**TO DO:** Below are some records. Write out exactly their lines from the one with "Flatbed Chaindrive Remote" through the one with "Enesco Peanuts by", and leave the pictures behind.

**EXERCISE INPUTS:**
--

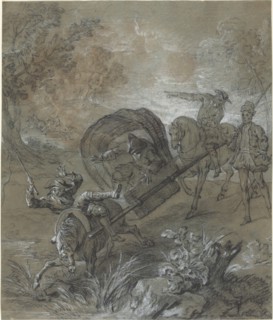 La Rancune en brancard, abattu dans le bourbier, 1726.
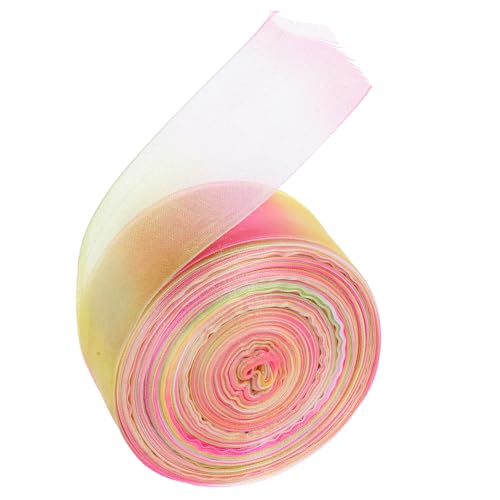 Yardenfun Breites Schimmerndes Organza Chiffonband mit Farbverlauf Vielseitig Verwendbar für Diy Haarschmuck Geschenkverpackungen Hochzeitssträuße und Kreative Dekorationen von Yardenfun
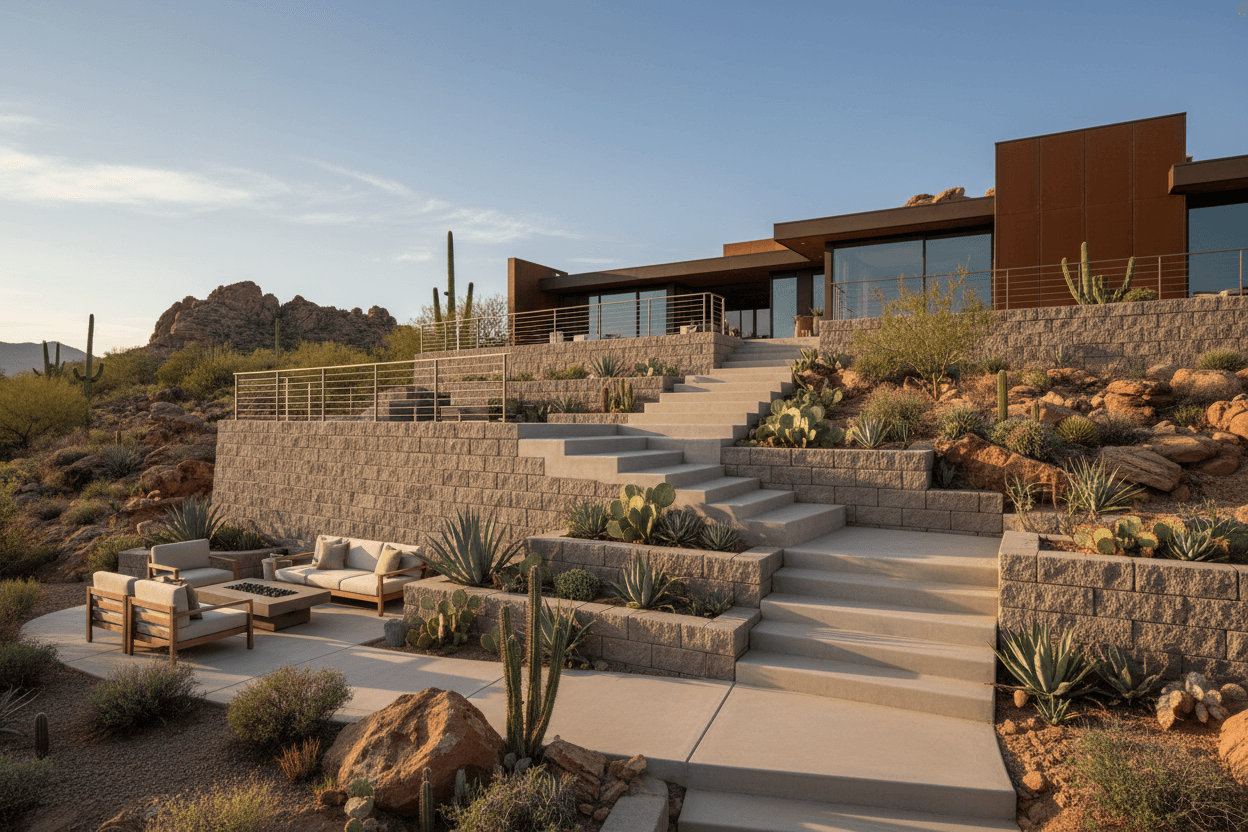 Concrete steps and retaining wall project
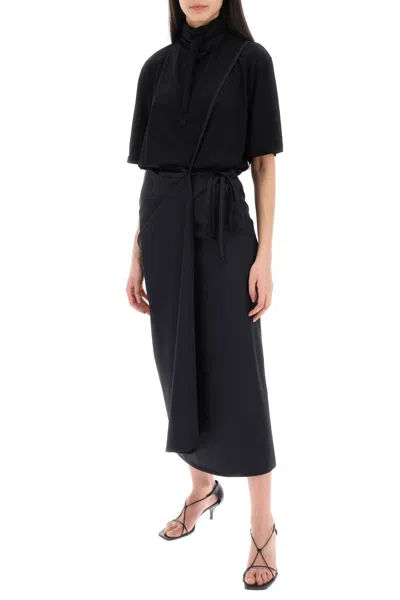 Shop Lemaire Wool Wrap Skirt With Pockets In 黑色的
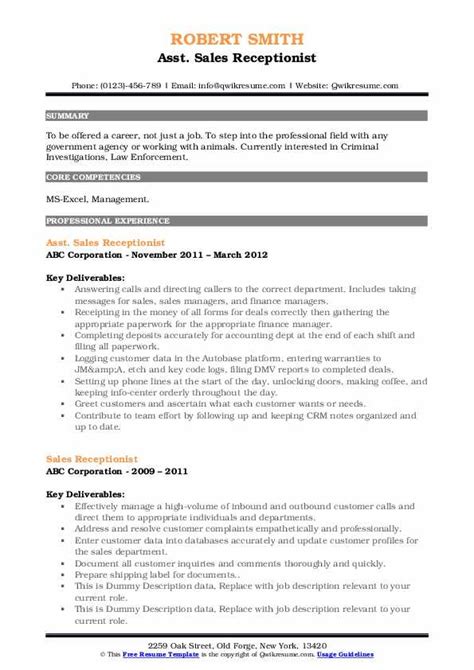 10 Sales Receptionist Resume Samples And Templates For 2025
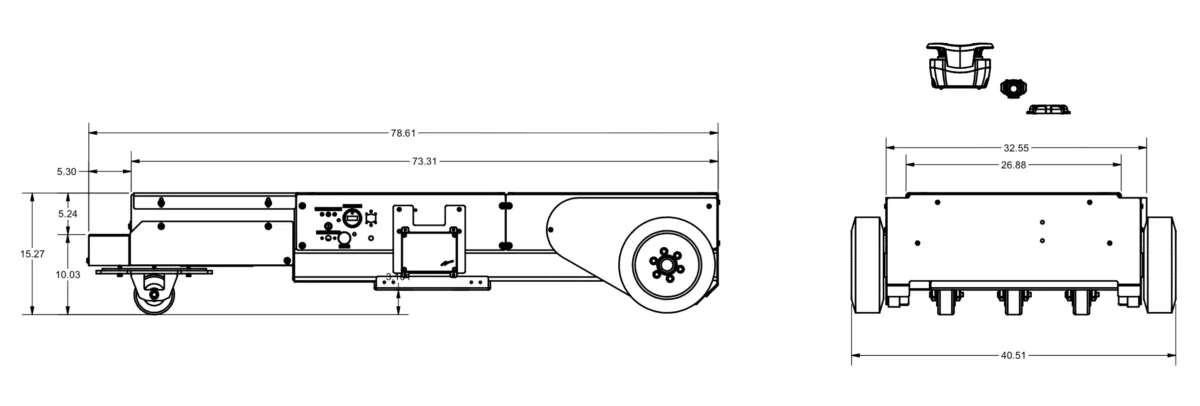 Flatbed Chaindrive Remote Steer dimension drawing, side and end views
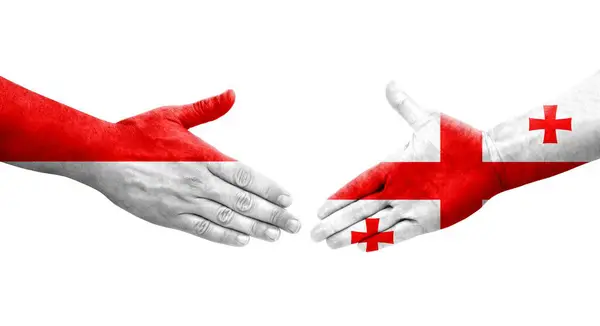 손으로 조지아와 인도네시아 국기의 고립된 이미지 — 스톡 사진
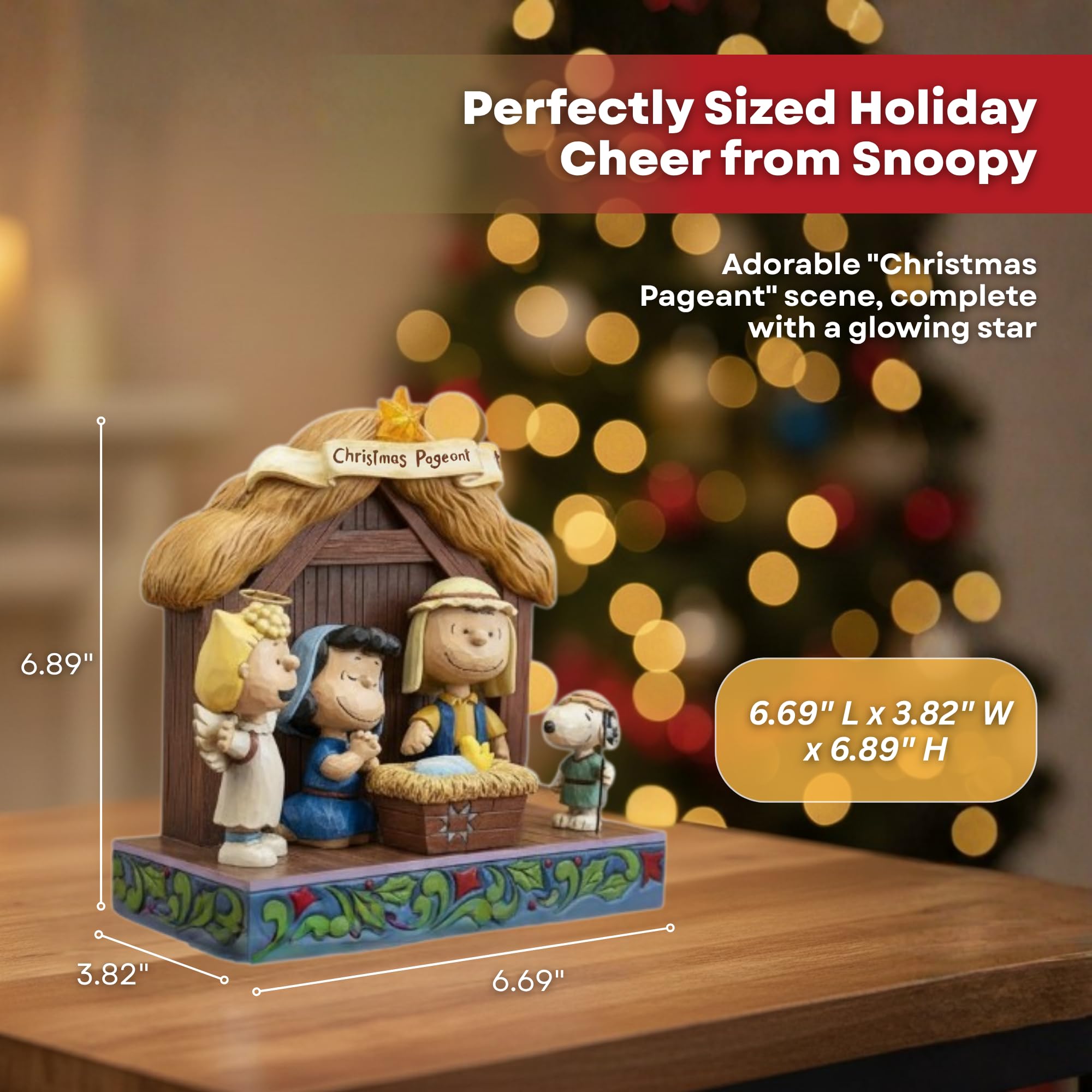 Enesco Peanuts by Jim Shore Figurine Lumineuse de crèche de Noël Multicolore 17 cm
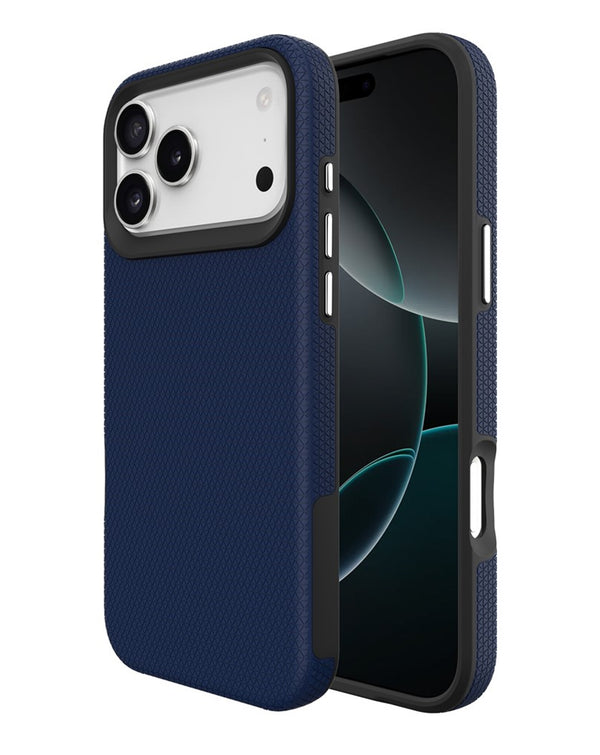 Encuentra la mejor protección para tu iPhone 17 Pro en Guatemala con esta funda de doble capa en color azul con absorción de impactos.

--

**SOLUTION TO THE EXERCISE:**
 Flatbed Chaindrive Remote Steer dimension drawing, side and end views
 손으로 조지아와 인도네시아 국기의 고립된 이미지 — 스톡 사진
 Enesco Peanuts by Jim Shore Figurine Lumineuse de crèche de Noël Multicolore 17 cm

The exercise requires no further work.